Puis vient le métro parisien, qui propose les pires performances mesurées par l'autorité. Le taux de maintien d'appel peut baisser à 63 % (Bouygues Télécom), quand celui de réception rapide de SMS peut passer à 71 % (SFR). Pire, 16 % à peine des pages web sont chargées en moins de 10 secondes, tous opérateurs confondus... L'ARCEP n'ayant semble-t-il pas osé fournir de données détaillées sur ce point.
Le régulateur et la RATP ont d'ailleurs annoncé qu'ils travailleront ensemble pour améliorer la couverture mobile de ses réseaux.
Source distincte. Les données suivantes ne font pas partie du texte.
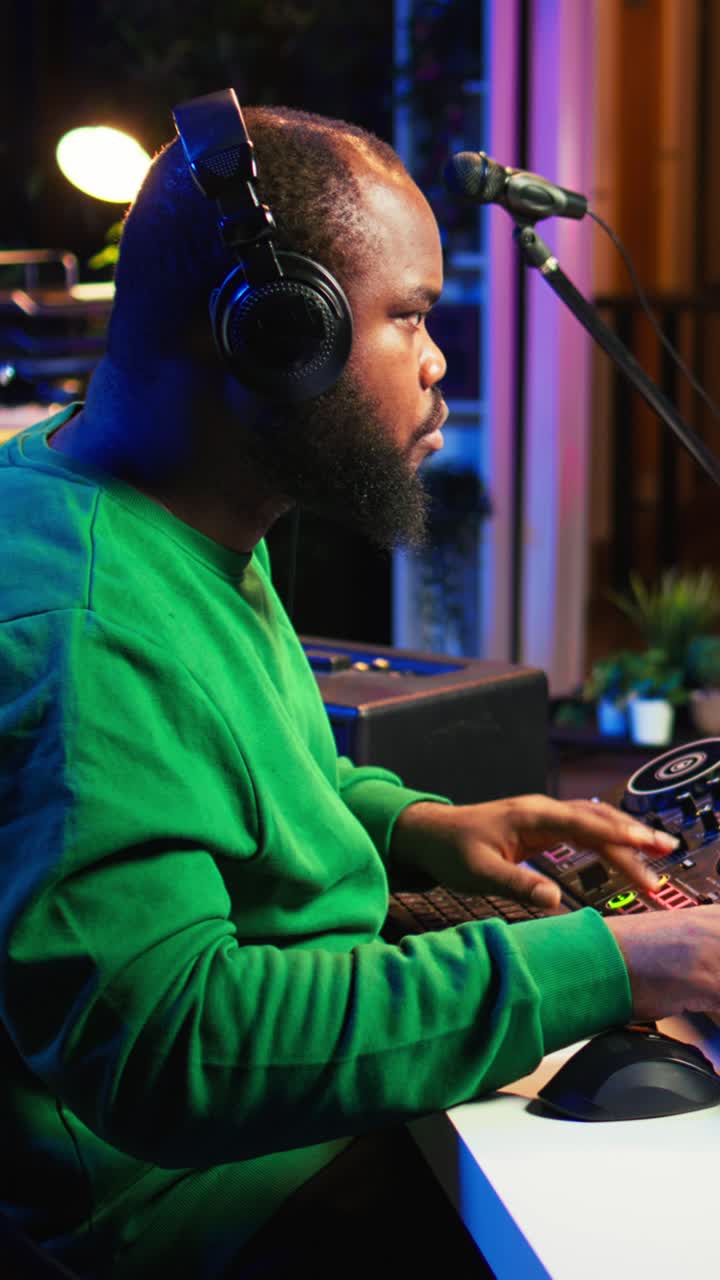 African American Man Wearing Headphones and Using Sound Mixer in Studio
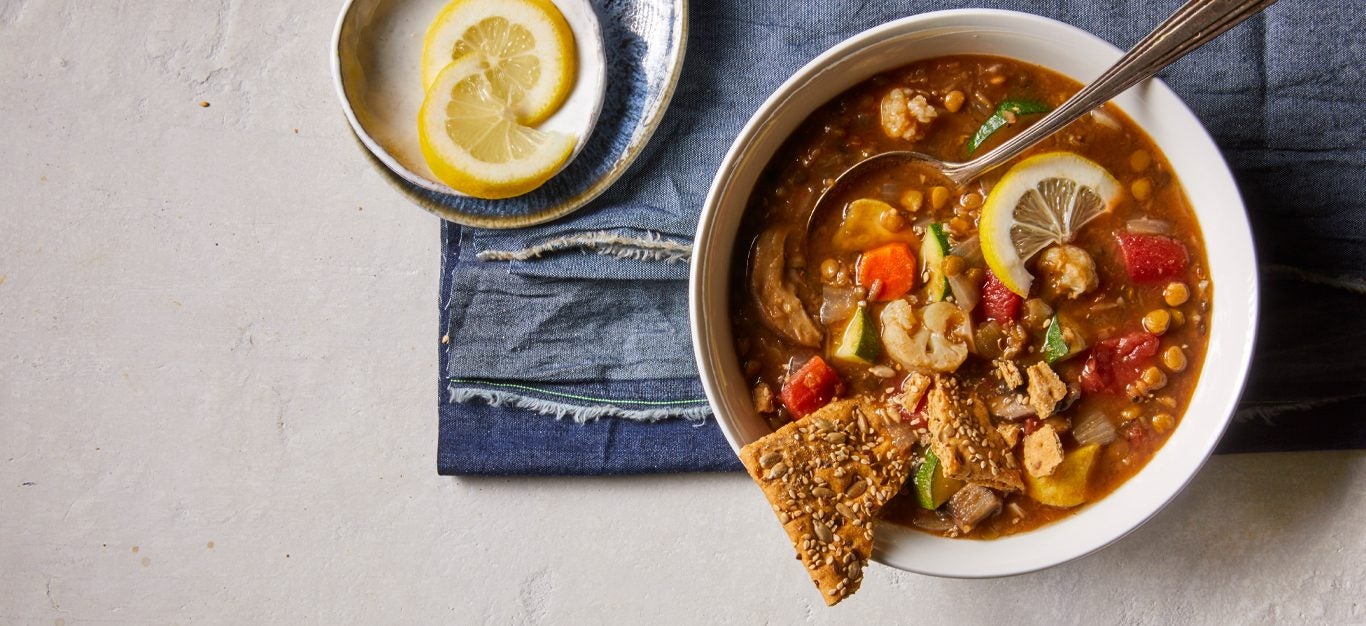 Clean-Your-Pantry Lentil-Vegetable Stew in a while bowl with crackers and lemon wedges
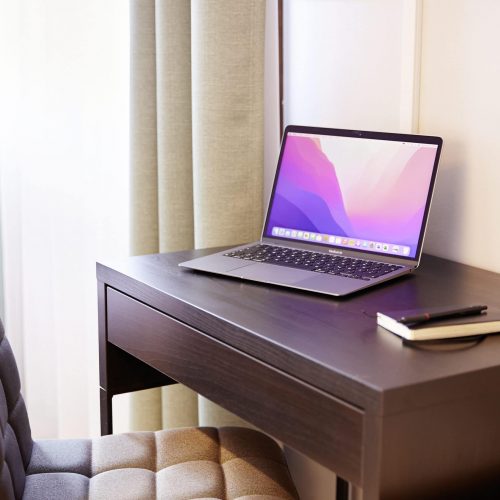 Auf diesem Bild ist ein Schreibtisch mit einem Laptop zu sehen.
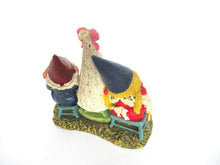 UpperDutch:Gnome,Gnome couple singing lullabies to babies after a design by Rien Poortvliet.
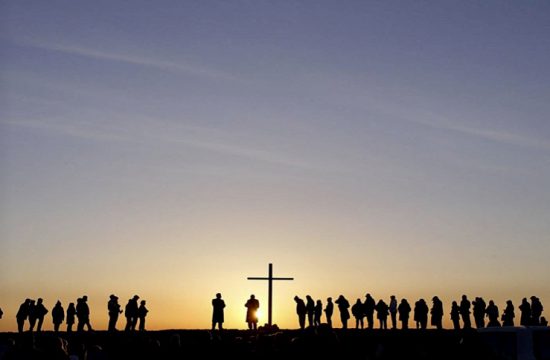 Un groupe de personnes engagées dans une discussion et une réflexion philosophiques debout devant une croix au coucher du soleil.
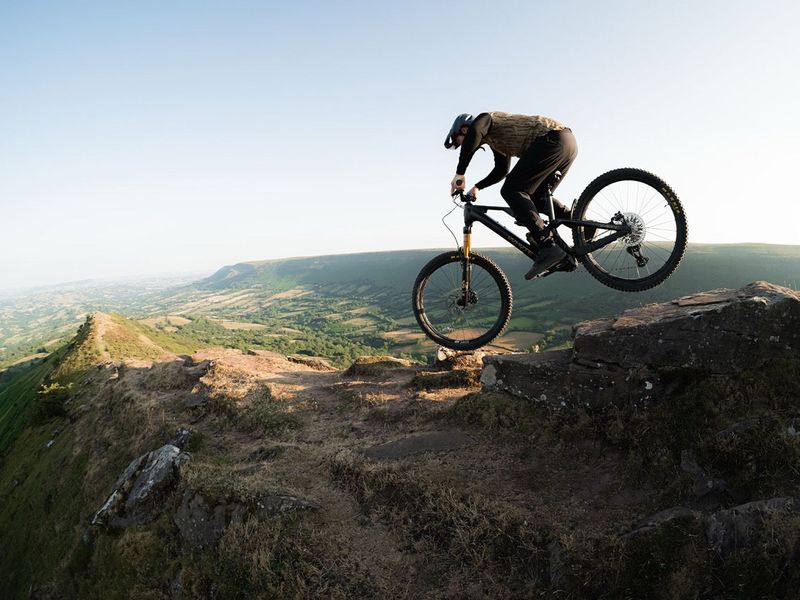 Rider jumping a Whyte Karve RSX Avinox eMTB off a rock on a ridge
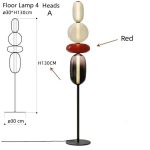 Moderne Stehlampe mit vier bunten, geometrischen Glasköpfen in Rot, Weiß, Schwarz und Transparent, ideal für stilvolle Raumdekoration.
L'autorité devra aider l'entreprise à mesurer la qualité de service mobile, alors que la couverture 3G et 4G du métro est attendue pour la fin 2017.
Côté opérateurs, Free est régulièrement derrière ses concurrents, surtout en matière de navigation web. Seule fulgurance : 85 % des SMS sont reçus en moins de 10 secondes dans le métro parisien, ce qui lui permet de tutoyer Orange sur cet indicateur. Une nouvelle fois, il est impossible de comparer cet indicateur avec celui publié en 2015, qui ne détaillait pas ses chiffres par opérateur.
Pour Free Mobile, l'État en demande beaucoup
Dans son communiqué, l'ARCEP affirme un palmarès clair : « Orange devant, Bouygues Telecom et SFR au coude à coude, Free Mobile derrière ». L'autorité estime ainsi que « la hiérarchie des enquêtes de 2014 et 2015 se confirme », avec un opérateur historique globalement devant ses concurrents, Bouygues Telecom et SFR qui s'échangent les places selon les indicateurs et Free Mobile, qui « obtient des résultats sensiblement moins bons sur un grand nombre d’indicateurs ».
« Il y a parfois des paradoxes à nous demander d'aller très vite sur la fin de l'itinérance, à faire des commentaires sur notre qualité de service, et mettre dans les licences des obligations de couverture extrêmement étendues » a commenté Maxime Lombardini, directeur général d'Iliad lors d'une audition à l'Assemblée nationale. « C'est compliqué d'aller vite quand on nous met beaucoup d'obstacles » ajoute-t-il.
Il rappelle que Free Mobile ne peut déployer ses antennes que depuis 6 ans, contre 20 ans pour ses concurrents. Sur la vidéo en mobilité, qui est l'indicateur sur lequel il pêche le plus, l'opérateur estime qu'il ne s'agit pas d'un usage majoritaire, et que les chiffres changeraient beaucoup en prenant en compte les sessions en Wi-Fi. « Notre niveau de qualité augmente d'étude en étude. On a toujours l'ambition un jour d'atteindre la première place, mais soyez bien conscients qu'on fait tout pour accélérer le déploiement » conclut le DG d'Iliad.
Pour Alain Bazot, président de l'UFC-Que Choisir, les « bonnets d'âne » de Free Mobile s'expliquerait par l'itinérance 3G sur le réseau d'Orange, qui serait moins efficace que le réseau propre du trublion. Pour l'association, l'ARCEP aurait d'ailleurs tort de cacher une éventuelle différence de qualité de service entre les deux réseaux pour les clients Free Mobile, surtout si elle apparait dans les données brutes que l'autorité ne publie pas encore en open data.